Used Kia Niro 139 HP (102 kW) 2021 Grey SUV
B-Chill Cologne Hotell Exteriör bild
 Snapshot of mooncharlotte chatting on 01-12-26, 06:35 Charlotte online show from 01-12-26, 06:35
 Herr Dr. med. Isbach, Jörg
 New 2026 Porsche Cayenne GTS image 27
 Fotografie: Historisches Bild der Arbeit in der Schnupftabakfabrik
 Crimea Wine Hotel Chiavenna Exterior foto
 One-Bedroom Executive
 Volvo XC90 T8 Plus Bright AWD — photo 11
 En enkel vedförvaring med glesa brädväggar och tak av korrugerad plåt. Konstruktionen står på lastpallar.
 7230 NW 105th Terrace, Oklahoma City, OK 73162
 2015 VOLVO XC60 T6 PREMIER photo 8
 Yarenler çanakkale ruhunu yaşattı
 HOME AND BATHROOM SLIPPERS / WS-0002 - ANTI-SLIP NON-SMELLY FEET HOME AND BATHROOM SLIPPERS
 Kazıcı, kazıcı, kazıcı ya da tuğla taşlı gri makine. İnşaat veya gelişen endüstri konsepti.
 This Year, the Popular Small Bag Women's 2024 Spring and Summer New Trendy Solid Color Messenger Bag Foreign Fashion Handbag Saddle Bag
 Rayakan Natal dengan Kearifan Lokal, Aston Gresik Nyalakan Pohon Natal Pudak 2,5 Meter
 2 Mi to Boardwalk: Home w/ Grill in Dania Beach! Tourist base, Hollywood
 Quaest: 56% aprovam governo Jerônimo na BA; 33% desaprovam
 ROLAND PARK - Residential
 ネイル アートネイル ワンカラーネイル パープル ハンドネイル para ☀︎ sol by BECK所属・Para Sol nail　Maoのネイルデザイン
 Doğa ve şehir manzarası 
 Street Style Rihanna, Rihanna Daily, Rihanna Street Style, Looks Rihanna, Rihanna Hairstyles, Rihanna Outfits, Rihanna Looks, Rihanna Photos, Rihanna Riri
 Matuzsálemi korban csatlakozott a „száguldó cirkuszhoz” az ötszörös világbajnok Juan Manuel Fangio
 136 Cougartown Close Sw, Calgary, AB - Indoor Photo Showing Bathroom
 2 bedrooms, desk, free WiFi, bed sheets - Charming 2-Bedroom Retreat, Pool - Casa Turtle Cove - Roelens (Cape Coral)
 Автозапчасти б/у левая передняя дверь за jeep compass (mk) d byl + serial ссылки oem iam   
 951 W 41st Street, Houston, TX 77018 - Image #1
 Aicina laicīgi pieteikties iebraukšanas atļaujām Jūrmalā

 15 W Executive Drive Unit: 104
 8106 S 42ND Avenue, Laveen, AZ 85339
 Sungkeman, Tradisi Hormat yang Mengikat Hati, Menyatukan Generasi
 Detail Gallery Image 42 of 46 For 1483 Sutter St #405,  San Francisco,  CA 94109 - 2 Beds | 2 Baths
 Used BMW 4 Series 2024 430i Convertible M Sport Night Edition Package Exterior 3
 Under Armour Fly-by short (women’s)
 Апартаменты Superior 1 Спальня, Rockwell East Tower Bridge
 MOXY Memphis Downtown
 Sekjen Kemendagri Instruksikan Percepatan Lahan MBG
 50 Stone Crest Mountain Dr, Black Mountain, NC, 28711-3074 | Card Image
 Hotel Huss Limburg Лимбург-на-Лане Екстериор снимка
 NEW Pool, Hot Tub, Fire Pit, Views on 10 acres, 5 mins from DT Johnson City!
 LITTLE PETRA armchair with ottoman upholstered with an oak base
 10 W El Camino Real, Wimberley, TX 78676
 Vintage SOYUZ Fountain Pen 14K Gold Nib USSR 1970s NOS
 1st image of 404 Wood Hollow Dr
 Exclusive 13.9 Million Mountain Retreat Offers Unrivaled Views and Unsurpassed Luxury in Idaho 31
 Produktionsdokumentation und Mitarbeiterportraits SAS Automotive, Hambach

Exercise requirements> So that no detail is lost, give every line of the data again exactly.

Response box>
Used Kia Niro 139 HP (102 kW) 2021 Grey SUV
B-Chill Cologne Hotell Exteriör bild
 Snapshot of mooncharlotte chatting on 01-12-26, 06:35 Charlotte online show from 01-12-26, 06:35
 Herr Dr. med. Isbach, Jörg
 New 2026 Porsche Cayenne GTS image 27
 Fotografie: Historisches Bild der Arbeit in der Schnupftabakfabrik
 Crimea Wine Hotel Chiavenna Exterior foto
 One-Bedroom Executive
 Volvo XC90 T8 Plus Bright AWD — photo 11
 En enkel vedförvaring med glesa brädväggar och tak av korrugerad plåt. Konstruktionen står på lastpallar.
 7230 NW 105th Terrace, Oklahoma City, OK 73162
 2015 VOLVO XC60 T6 PREMIER photo 8
 Yarenler çanakkale ruhunu yaşattı
 HOME AND BATHROOM SLIPPERS / WS-0002 - ANTI-SLIP NON-SMELLY FEET HOME AND BATHROOM SLIPPERS
 Kazıcı, kazıcı, kazıcı ya da tuğla taşlı gri makine. İnşaat veya gelişen endüstri konsepti.
 This Year, the Popular Small Bag Women's 2024 Spring and Summer New Trendy Solid Color Messenger Bag Foreign Fashion Handbag Saddle Bag
 Rayakan Natal dengan Kearifan Lokal, Aston Gresik Nyalakan Pohon Natal Pudak 2,5 Meter
 2 Mi to Boardwalk: Home w/ Grill in Dania Beach! Tourist base, Hollywood
 Quaest: 56% aprovam governo Jerônimo na BA; 33% desaprovam
 ROLAND PARK - Residential
 ネイル アートネイル ワンカラーネイル パープル ハンドネイル para ☀︎ sol by BECK所属・Para Sol nail　Maoのネイルデザイン
 Doğa ve şehir manzarası 
 Street Style Rihanna, Rihanna Daily, Rihanna Street Style, Looks Rihanna, Rihanna Hairstyles, Rihanna Outfits, Rihanna Looks, Rihanna Photos, Rihanna Riri
 Matuzsálemi korban csatlakozott a „száguldó cirkuszhoz” az ötszörös világbajnok Juan Manuel Fangio
 136 Cougartown Close Sw, Calgary, AB - Indoor Photo Showing Bathroom
 2 bedrooms, desk, free WiFi, bed sheets - Charming 2-Bedroom Retreat, Pool - Casa Turtle Cove - Roelens (Cape Coral)
 Автозапчасти б/у левая передняя дверь за jeep compass (mk) d byl + serial ссылки oem iam   
 951 W 41st Street, Houston, TX 77018 - Image #1
 Aicina laicīgi pieteikties iebraukšanas atļaujām Jūrmalā

 15 W Executive Drive Unit: 104
 8106 S 42ND Avenue, Laveen, AZ 85339
 Sungkeman, Tradisi Hormat yang Mengikat Hati, Menyatukan Generasi
 Detail Gallery Image 42 of 46 For 1483 Sutter St #405,  San Francisco,  CA 94109 - 2 Beds | 2 Baths
 Used BMW 4 Series 2024 430i Convertible M Sport Night Edition Package Exterior 3
 Under Armour Fly-by short (women’s)
 Апартаменты Superior 1 Спальня, Rockwell East Tower Bridge
 MOXY Memphis Downtown
 Sekjen Kemendagri Instruksikan Percepatan Lahan MBG
 50 Stone Crest Mountain Dr, Black Mountain, NC, 28711-3074 | Card Image
 Hotel Huss Limburg Лимбург-на-Лане Екстериор снимка
 NEW Pool, Hot Tub, Fire Pit, Views on 10 acres, 5 mins from DT Johnson City!
 LITTLE PETRA armchair with ottoman upholstered with an oak base
 10 W El Camino Real, Wimberley, TX 78676
 Vintage SOYUZ Fountain Pen 14K Gold Nib USSR 1970s NOS
 1st image of 404 Wood Hollow Dr
 Exclusive 13.9 Million Mountain Retreat Offers Unrivaled Views and Unsurpassed Luxury in Idaho 31
 Produktionsdokumentation und Mitarbeiterportraits SAS Automotive, Hambach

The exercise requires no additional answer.